One of the interesting similarities between Montaigne, Shakespeare and Tolstoy is that all of them have flashes of romanticism — especially when speaking of youth — but then deeply unhappy descriptions of marriages, both in stories and personal reflections.

Montaigne was often reticent to admit to having any romantic feelings at all. But it’s hard to take his word on this when he brought up the subject so early in his project, in his second essay On Sadness. It’s in this essay where he famously quotes Catullus that a love that can be described burns on a small pyre. He lets out his romantic side seldomly, but memorably — in his Ovid essay How Difficulty Increases Desire. Even late in life he still circles the subject, trying to evade it by declaring himself too old to feel such love anymore. But when he writes about marriage, the tone turns bleak. Marriage becomes a contract, a cage, endured for family, not flame. The essay on Virgil is the most revealing: sex without intimacy, confession without confession, bravado about the penis where tenderness about the heart might have lived. There’s a haunted absence here — passion briefly acknowledged, then hurried away.

Shakespeare has a very different voice, but the pattern is familiar. His sonnets tremble with desire, jealousy, and adoration — purest poetry, unashamed. But his plays rarely let that lyric voice stand. The comedies pretend to end in marriage, but the marriages are hollow, provisional, often jokes at their own expense.
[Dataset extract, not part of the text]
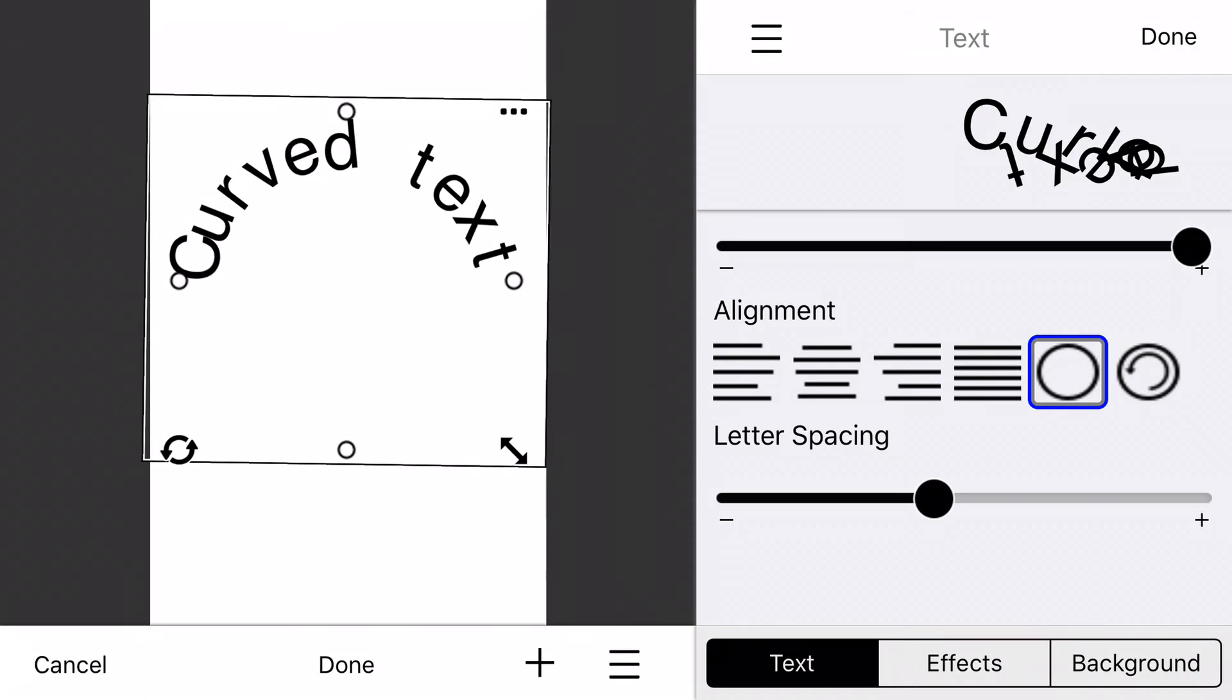Thanks for watching. That's really all there is to it. Please email support at youdoodle.net if you have questions. And be sure to share your curved text on Instagram, Facebook, Twitter, and anywhere else that social photos are shared. Bye-bye.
The tragedies show what follows when love is bound into law: Othello strangling Desdemona, Lear howling over Cordelia, Macbeth and Lady Macbeth bound together in mutual ruin. The flame of love is undeniable in his verse, but once it hardens into a bond it curdles into suspicion, cruelty, or absurdity. Passion speaks lyrically; marriage staggers into catastrophe.

Tolstoy is starker still. He could describe the rapture of Levin mowing with peasants or Anna’s first kiss with Vronsky on a station platform, but his marriages are nearly all disasters. Family Happiness begins in bliss and ends in estrangement. Anna Karenina makes passion luminous only to set it against the dead weight of legal and social bonds. The Kreutzer Sonata is a howl against sex and marriage alike. Resurrection strips the institution bare, showing it as a mechanism for ownership and hypocrisy. With Tolstoy the romantic flashes are powerful, but the portrait of marriage is consistently nightmarish, more angry than sad.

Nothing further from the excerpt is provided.